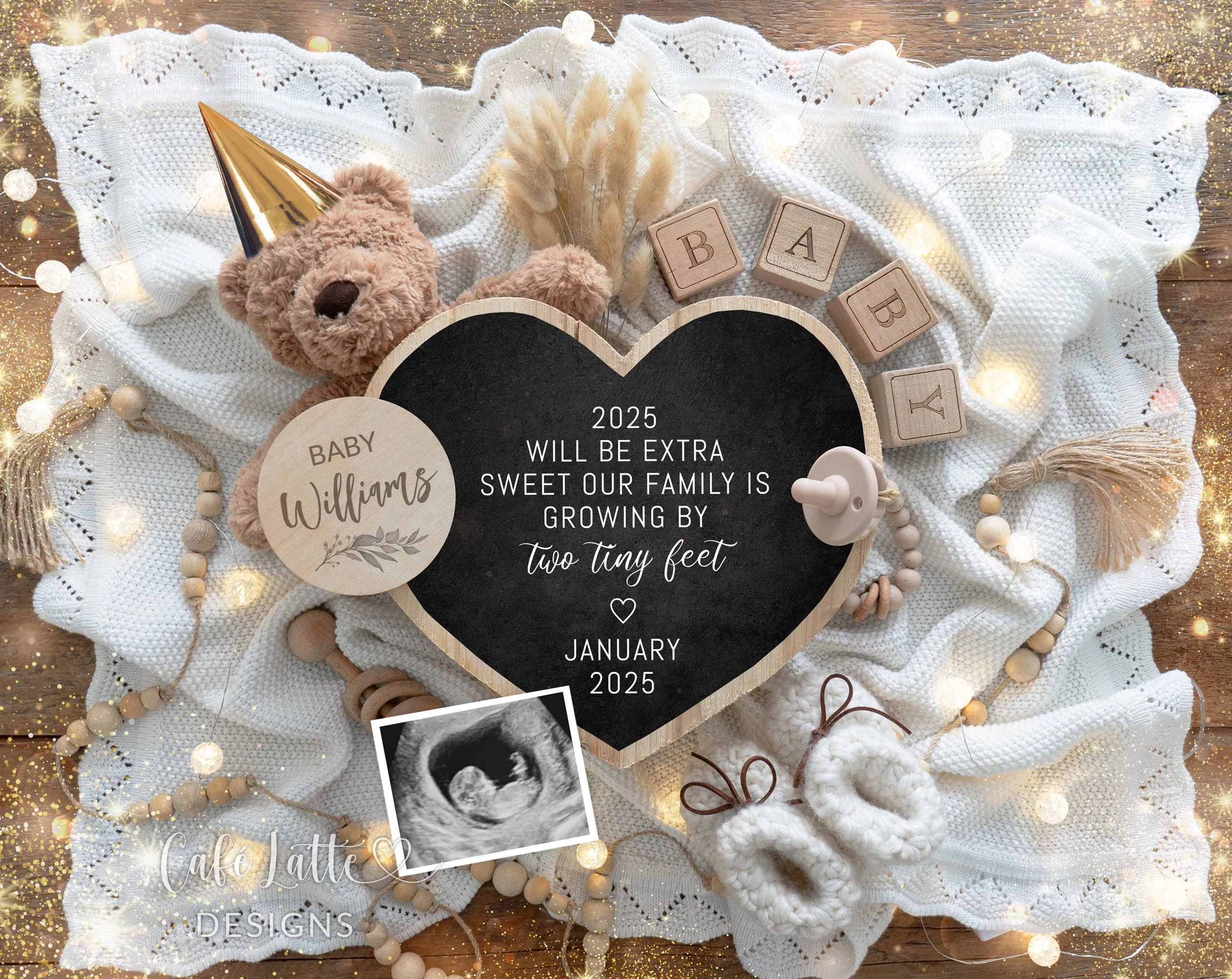 New Years Digital Baby Announcement - Bear Gold Hat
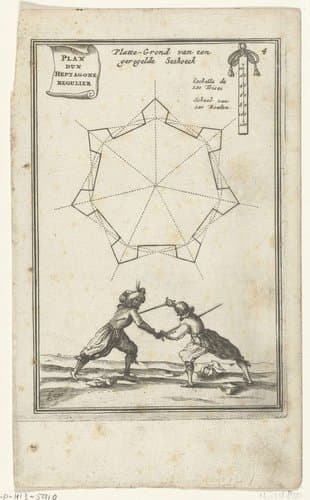 Illustratie voor 'Den Arbeid van Mars' van Allain Manesson Mallet by Romeyn de Hooghe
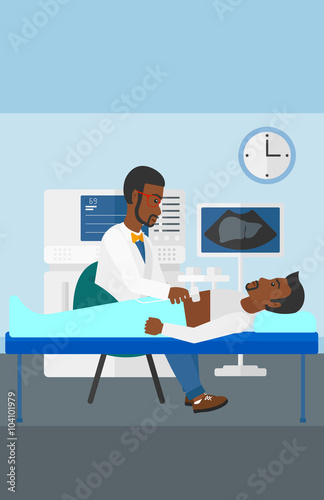 Patient under ultrasound examination.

----

Copy the data above line for line, skipping every picture.

 New Years Digital Baby Announcement - Bear Gold Hat
 Illustratie voor 'Den Arbeid van Mars' van Allain Manesson Mallet by Romeyn de Hooghe
 Patient under ultrasound examination.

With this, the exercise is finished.